I've been trying so many things today and I am just not winning. I have one file in my site which got created by accident with a special character in it. As a result Googlebot has stopped crawling for 3 weeks now and Webmaster tools / Search console keeps notifying me and wanting to retest the url.
All I want to achieve is to configure Nginx to match the following requests and redirect them to the correct location but regex has me stumped on this one.
The unencoded URL string is:
/historical-rainfall-trends-south-africa-1921–2015.pdf
The encoded URL string is:
/historical-rainfall-trends-south-africa-1921%C3%A2%E2%82%AC%E2%80%9C2015.pdf
How can I get a location match for these?
UPDATE:
Still losing my mind, nothing I have tried is working. I get a match with this regex here - https://regex101.com/r/3Lk2zr/3
but then using this
location ~ /.*[^\x00-\x7F]+.* {
return 444;
}
still gives me a 404 and not a 444
Likewise I get a match with this - https://regex101.com/r/80KWJ8/1 But then
location ~ /.*([^?]*)\%(.*)$ {
return 444;
}
Gives 404 and not 444 😭
Also tried this but still no work. Sourced from: https://serverfault.com/questions/656096/rewriting-ascii-percent-encoded-locations-to-their-utf-8-encoded-equivalent
location ~* (*UTF8).*([^?]*)\%(.*)$ {
return 444;
}
location ~* (*UTF8).*[^\x00-\x7F]+.* {
return 444;
}
Temporary Solution
Thanks to @funilrys and also this How do I redirect all requests that contains a certain string to 404 in nginx?
This works now 100%
location /resources {
expires 3h;
add_header Cache-Control 'must-revalidate, proxy-revalidate, max-age=10800';
location ~* \.(jpg|jpeg|png|gif|ico|css|js)$ {
expires 3h;
add_header Cache-Control 'must-revalidate, proxy-revalidate, max-age=10800';
}
location ~* \.(pdf)$ {
expires 30d;
add_header Cache-Control 'must-revalidate, proxy-revalidate, max-age=2592000';
if ($request_uri ~ .*%.*) { return 301 https://example.com/resources/weather-documents/historical-rainfall-trends-south-africa_1921_2015.pdf; }
if ($request_uri ~ .*[^\x00-\x7F]+.*) { return 301 https://example.com/resources/weather-documents/historical-rainfall-trends-south-africa_1921_2015.pdf; }
}
Your solution is terrible, let me tell you why.
Every single request which matches this location block now has to be evaluated against two if conditions before being served.
Any request which matches then gets redirected to the correct url, which also matches this location block so now your server is doing another two evaluations of those if conditions.

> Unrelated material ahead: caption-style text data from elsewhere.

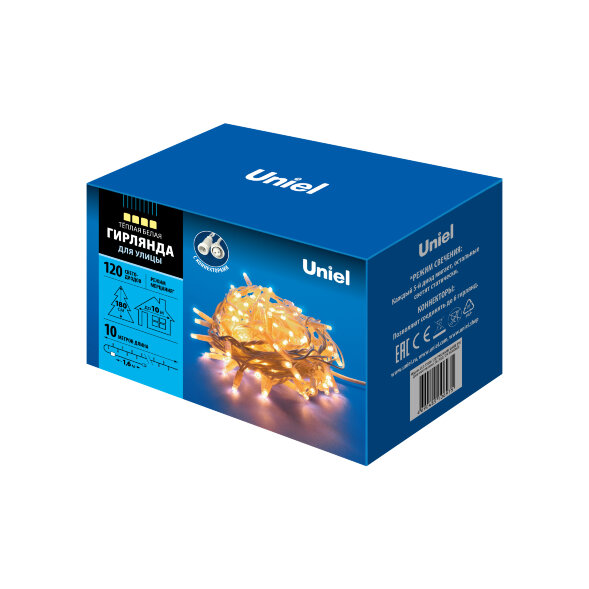 ULD-S1000-120-TWK WARM WHITE IP67 Гирлянда светодиодная с эффектом мерцания. 10м. Соединяемая. 120 светодиодов. Теплый белый свет. Провод белый. TM Uniel.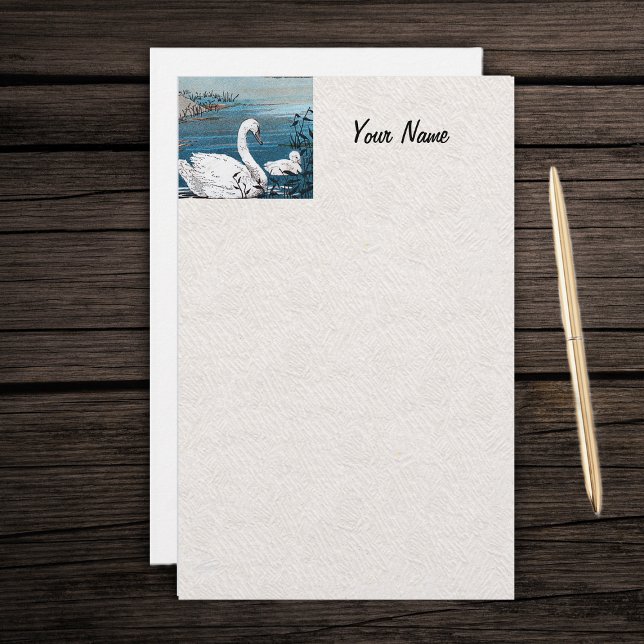 Elegant White Swan With Baby Stationery (Pretty white swan with baby in blue lake on faux textured writing stationery paper.)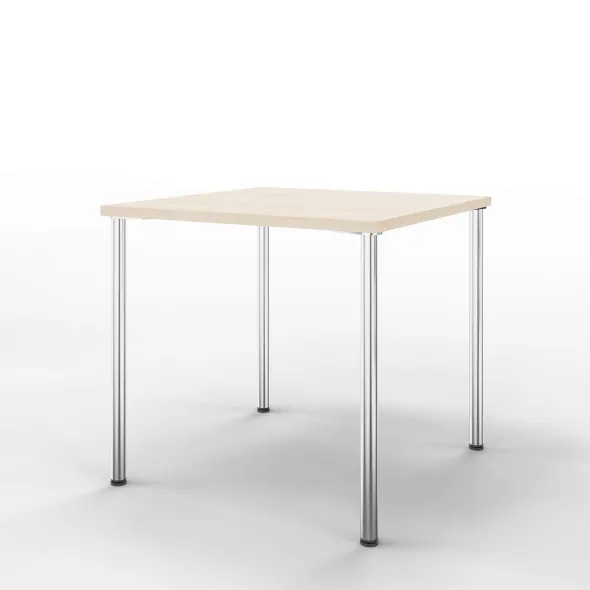 Table Hola 80 x 80 cm - 4 pieds finition chrome satiné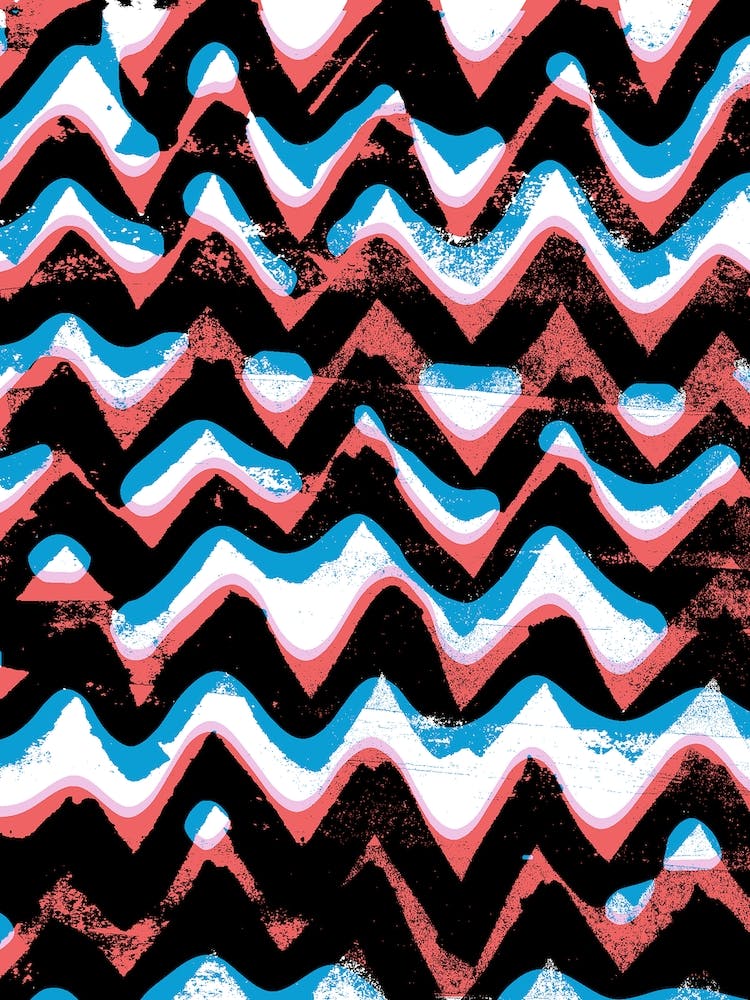 Blue And Red Zigzags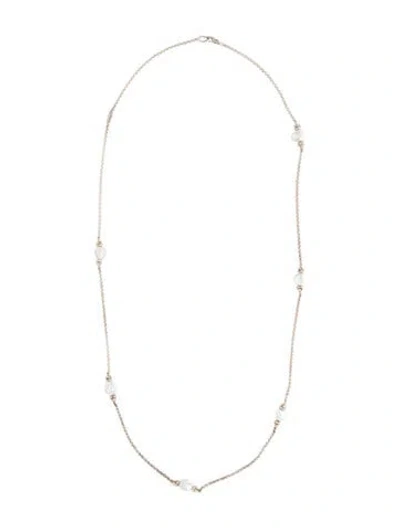 Pre-owned Lagos Luna Keshi Pearl Station Necklace, 34" In Multi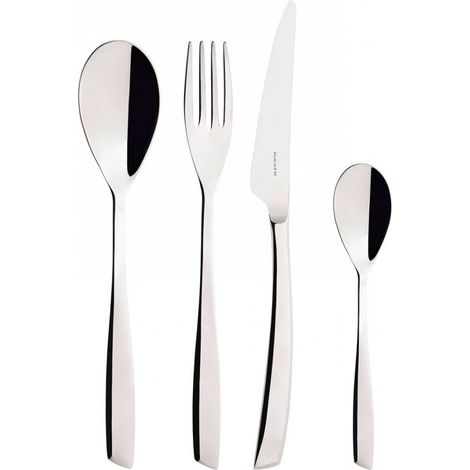 Set posate 24 pezzi in astuccio di legno Riviera Acciaio Lucido Bugatti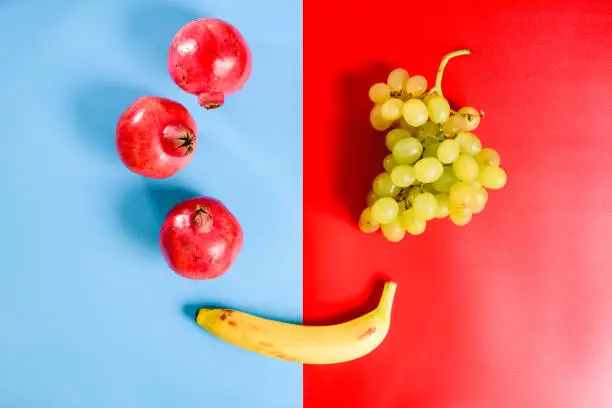 Healthy fruits of red colors isolated on flat background.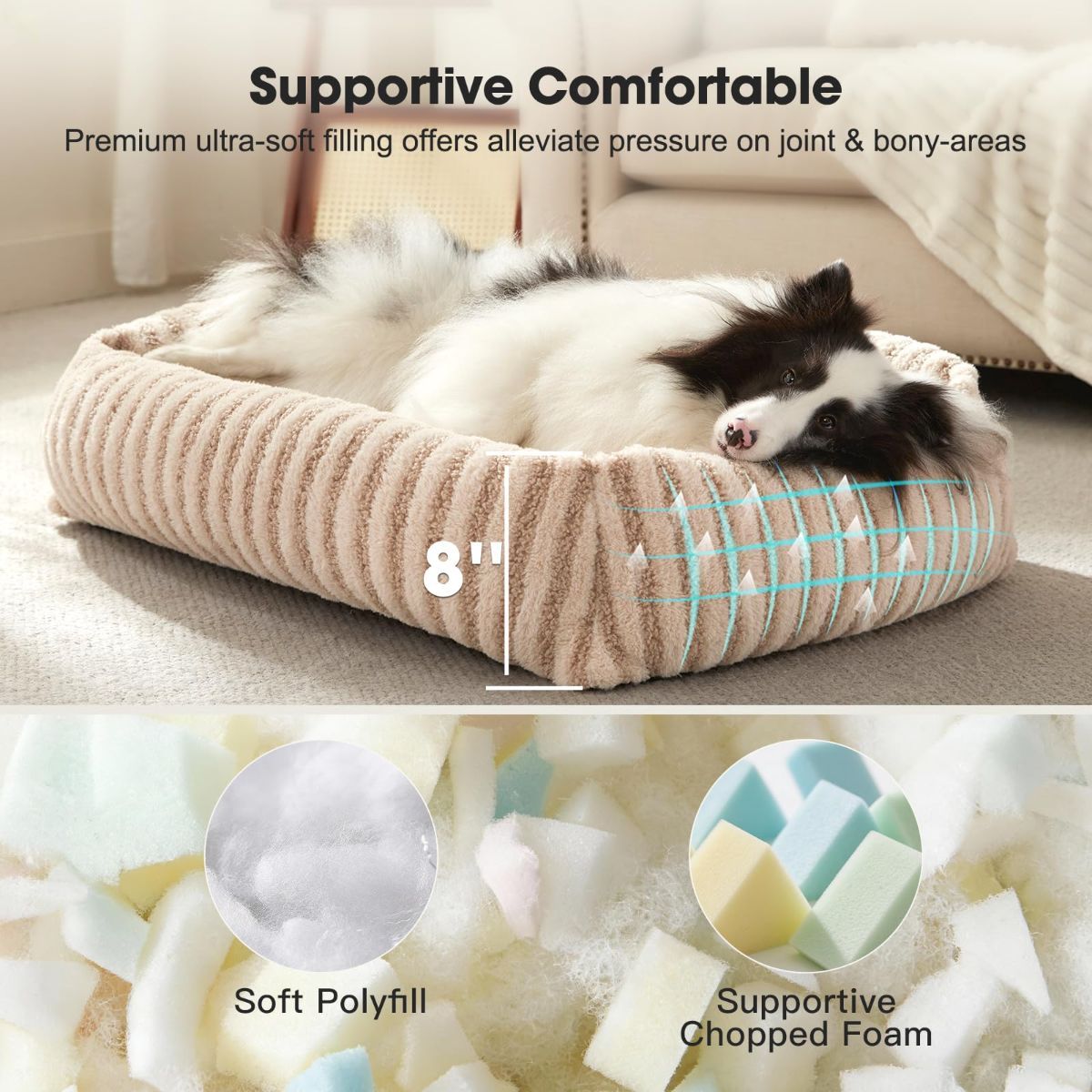 Dog Bed Soft Dog Bed Rabbit Velvet Dog Bed Teddy Fabric Dog Bed Cozy Dog Bed view 4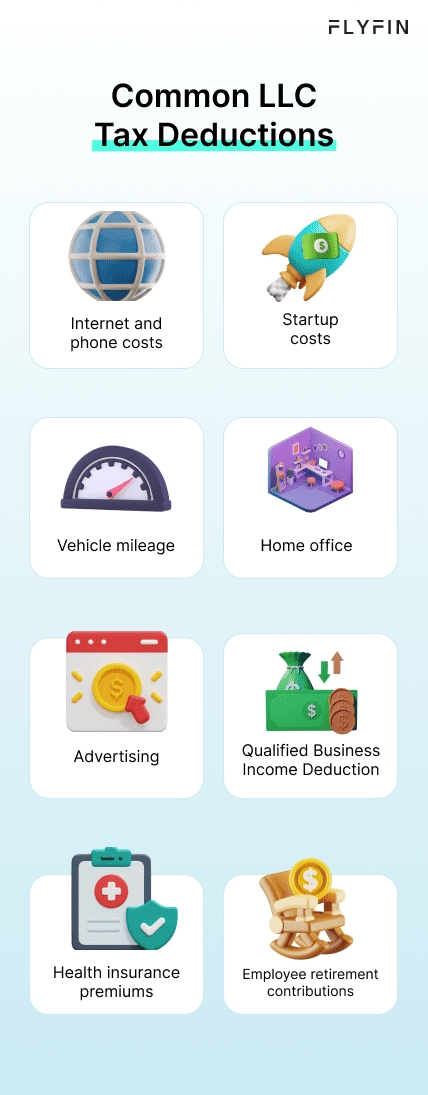 Infographic entitled Common LLC Tax Deductions listing some expenses  that can  be written off when filing LLC taxes.
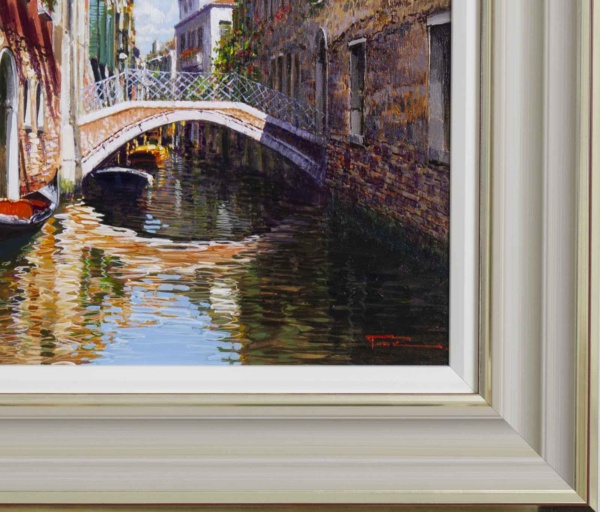 Leisurely Afternoon, Venice by Raffaele Fiore, original painting, detail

Just for fun you are also making Nginx evaluate requests for image, css and js files against your if conditions too. None of them will match as you are worried about a pdf, but you are still adding an extra 200% overhead to the request processing.
A much more Nginx friendly solution is actually very simple.
Nginx does regex matching in the order the location directives are listed in your config and chooses the first matching block, so if this file url will match any of your other regex directives then you need to place this block above those locations:
location ~* /historical-rainfall-trends-south-africa-1921([^_])*?2015\.pdf$ {
return 301 https://example.com/resources/weather-documents/historical-rainfall-trends-south-africa_1921_2015.pdf;
}
Just tested it on one of my servers running Nginx 1.15.1, works a charm.